IV. Thoughts on the novel

The novel deals with the main theme of friendship and betrayal. Martins betrays Lime and Lime betrays Schmidt and himself, only Schmidt remains loyal. The characters also use each other, so that there cannot be a happy ending. Martins lost his idol and in the end he even shoots him, but why? For the sake of justice or revenge or pity? The "good" Martins assimilated in the end to the "evil" Lime, because even the good is responsible for the death of three persons and maybe in the end Martins sees Lime as a rival against Schmidt, because throughout the book Schmidt loves Lime but not Martins. Martins was also in a discord and an inner conflict. He can be regarded as a hunter and Lime as the prey. The investigation of the protagonist does not find an individual culprit, but reveals political crimes in which children the victims are. The betrayal has also a religious character because even Judas betrayed Jesus. Greene can also be compared with Martins because his friend and boss in Sierra Leone, Kim Philby, was a betrayer, but Greene took no measures.


V. Features

• Literary discussion

The literary discussion is to regard as a medium to ridicule pseudo - intellectuals. He wants to point out that "a novel should tell a good story", it should entertain the reader, but it can imply more than that.

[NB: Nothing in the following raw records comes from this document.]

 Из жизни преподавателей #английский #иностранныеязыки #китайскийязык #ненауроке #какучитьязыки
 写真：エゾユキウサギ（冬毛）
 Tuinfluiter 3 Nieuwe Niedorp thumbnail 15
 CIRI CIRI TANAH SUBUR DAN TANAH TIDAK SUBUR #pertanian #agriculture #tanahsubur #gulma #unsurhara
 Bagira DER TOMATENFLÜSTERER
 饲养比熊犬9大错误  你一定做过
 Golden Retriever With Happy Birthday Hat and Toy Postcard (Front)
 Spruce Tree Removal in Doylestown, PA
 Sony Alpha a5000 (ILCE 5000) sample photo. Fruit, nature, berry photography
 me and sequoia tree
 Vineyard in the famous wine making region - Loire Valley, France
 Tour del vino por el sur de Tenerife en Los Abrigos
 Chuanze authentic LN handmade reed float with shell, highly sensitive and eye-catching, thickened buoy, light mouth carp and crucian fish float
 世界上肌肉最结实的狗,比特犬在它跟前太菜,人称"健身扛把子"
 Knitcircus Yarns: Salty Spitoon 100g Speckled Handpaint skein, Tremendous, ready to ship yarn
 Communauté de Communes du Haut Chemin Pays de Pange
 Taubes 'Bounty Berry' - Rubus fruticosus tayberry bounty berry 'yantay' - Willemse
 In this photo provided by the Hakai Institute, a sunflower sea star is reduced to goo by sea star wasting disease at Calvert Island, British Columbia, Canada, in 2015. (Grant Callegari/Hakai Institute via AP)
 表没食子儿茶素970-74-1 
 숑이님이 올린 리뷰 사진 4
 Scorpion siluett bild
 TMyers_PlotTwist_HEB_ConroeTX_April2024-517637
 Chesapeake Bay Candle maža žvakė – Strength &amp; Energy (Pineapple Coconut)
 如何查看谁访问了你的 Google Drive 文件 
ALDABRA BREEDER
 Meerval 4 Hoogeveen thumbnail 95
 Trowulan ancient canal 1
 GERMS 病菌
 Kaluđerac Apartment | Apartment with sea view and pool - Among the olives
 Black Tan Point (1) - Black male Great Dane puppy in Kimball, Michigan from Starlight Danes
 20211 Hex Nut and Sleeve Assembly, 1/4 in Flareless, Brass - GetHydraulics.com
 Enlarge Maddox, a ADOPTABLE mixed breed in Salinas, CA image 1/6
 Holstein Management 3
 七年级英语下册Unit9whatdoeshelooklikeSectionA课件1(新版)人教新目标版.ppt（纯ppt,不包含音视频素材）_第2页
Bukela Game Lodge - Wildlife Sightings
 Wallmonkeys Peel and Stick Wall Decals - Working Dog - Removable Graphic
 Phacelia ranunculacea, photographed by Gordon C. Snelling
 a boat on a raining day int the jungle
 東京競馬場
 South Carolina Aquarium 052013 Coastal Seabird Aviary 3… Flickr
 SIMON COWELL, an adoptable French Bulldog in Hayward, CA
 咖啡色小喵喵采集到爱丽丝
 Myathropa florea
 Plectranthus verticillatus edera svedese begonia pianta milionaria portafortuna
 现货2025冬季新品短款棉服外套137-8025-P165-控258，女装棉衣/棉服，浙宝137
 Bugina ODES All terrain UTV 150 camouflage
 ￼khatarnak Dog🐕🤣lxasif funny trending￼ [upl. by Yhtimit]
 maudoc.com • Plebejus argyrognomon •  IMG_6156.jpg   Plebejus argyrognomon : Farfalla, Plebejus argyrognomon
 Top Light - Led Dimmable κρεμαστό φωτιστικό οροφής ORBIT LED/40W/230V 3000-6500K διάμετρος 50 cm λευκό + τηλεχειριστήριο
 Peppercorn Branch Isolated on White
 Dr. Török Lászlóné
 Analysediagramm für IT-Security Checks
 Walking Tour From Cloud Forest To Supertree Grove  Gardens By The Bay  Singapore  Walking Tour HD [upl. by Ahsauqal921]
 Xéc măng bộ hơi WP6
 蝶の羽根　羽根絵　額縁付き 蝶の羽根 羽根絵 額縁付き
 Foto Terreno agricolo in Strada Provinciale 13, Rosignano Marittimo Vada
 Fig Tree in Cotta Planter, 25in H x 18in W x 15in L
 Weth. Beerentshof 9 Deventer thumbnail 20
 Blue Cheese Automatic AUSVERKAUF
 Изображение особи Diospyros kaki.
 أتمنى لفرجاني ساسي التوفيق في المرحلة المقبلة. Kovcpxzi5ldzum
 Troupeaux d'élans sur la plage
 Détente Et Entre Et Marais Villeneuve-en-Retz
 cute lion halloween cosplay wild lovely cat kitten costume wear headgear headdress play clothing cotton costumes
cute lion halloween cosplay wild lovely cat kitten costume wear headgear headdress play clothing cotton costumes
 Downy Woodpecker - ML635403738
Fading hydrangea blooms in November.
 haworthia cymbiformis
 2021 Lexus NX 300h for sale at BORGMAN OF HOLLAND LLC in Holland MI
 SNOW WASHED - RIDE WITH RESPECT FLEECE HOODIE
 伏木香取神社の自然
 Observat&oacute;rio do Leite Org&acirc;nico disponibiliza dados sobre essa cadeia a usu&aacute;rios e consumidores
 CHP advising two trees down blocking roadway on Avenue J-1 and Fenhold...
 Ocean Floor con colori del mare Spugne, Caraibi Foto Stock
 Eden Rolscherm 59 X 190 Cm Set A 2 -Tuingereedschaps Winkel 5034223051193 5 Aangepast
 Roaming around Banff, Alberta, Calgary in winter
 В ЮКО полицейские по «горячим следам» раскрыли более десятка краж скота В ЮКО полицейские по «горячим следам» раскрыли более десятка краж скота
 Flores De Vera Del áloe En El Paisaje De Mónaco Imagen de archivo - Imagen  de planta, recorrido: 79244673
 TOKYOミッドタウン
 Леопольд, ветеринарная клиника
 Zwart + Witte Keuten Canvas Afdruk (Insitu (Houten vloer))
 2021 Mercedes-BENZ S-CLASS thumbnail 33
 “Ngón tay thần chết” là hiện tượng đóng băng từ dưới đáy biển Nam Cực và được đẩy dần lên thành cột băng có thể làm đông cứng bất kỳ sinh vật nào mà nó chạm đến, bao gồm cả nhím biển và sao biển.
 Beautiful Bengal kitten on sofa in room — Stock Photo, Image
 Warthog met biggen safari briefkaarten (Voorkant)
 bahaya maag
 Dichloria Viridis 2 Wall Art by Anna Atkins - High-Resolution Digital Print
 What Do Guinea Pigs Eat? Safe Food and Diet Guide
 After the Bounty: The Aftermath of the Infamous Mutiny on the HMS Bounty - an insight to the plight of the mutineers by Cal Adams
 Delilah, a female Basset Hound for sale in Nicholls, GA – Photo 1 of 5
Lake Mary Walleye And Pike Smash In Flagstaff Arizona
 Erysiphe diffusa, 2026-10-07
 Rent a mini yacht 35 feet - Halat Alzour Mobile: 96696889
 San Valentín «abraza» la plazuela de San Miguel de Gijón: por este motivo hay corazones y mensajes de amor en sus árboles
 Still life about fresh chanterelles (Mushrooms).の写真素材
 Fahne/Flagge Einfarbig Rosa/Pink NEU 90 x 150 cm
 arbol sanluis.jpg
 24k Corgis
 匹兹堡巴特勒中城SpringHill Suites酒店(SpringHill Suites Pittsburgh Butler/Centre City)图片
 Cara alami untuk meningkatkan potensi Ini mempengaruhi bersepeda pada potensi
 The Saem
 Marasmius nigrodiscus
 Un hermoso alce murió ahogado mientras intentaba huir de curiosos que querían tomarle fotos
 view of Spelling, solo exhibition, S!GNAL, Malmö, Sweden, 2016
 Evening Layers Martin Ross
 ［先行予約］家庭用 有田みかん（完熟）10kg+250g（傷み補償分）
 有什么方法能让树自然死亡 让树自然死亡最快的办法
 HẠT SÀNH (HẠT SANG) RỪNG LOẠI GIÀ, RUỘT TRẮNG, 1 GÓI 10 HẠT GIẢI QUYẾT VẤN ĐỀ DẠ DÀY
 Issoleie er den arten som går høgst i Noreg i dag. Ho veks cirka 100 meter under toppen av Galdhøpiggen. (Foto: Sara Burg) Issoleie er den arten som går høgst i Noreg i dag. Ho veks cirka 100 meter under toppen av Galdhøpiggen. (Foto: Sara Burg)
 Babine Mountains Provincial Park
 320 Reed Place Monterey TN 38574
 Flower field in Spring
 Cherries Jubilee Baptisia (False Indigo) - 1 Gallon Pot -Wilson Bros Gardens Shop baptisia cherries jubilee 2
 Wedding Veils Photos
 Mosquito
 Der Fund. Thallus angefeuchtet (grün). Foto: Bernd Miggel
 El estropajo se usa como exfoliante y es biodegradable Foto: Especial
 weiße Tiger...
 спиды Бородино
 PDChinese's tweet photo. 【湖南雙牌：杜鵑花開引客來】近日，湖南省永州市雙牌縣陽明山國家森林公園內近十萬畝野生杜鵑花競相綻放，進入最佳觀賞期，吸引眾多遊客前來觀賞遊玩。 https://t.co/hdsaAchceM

• Vienna and Prater's Great Wheel

It is a Human - like description. The destroyed Vienna can show the destroyed friendship of Lime and Martins and also the lost of any value. First Martins believed in friendship but then killed Lime with mixed emotions. It is the perversion of values.

• Narrative technique

He changes between first - person narrator, omniscient narrator, observer - narrator and camera eye. It is "a new habit of narrative" in which stage directions are integrated.

• Symbolism and stylistic devices

He uses symbols, comparisons, metaphors, allusions, puns, comic relieves, sarcasm and irony.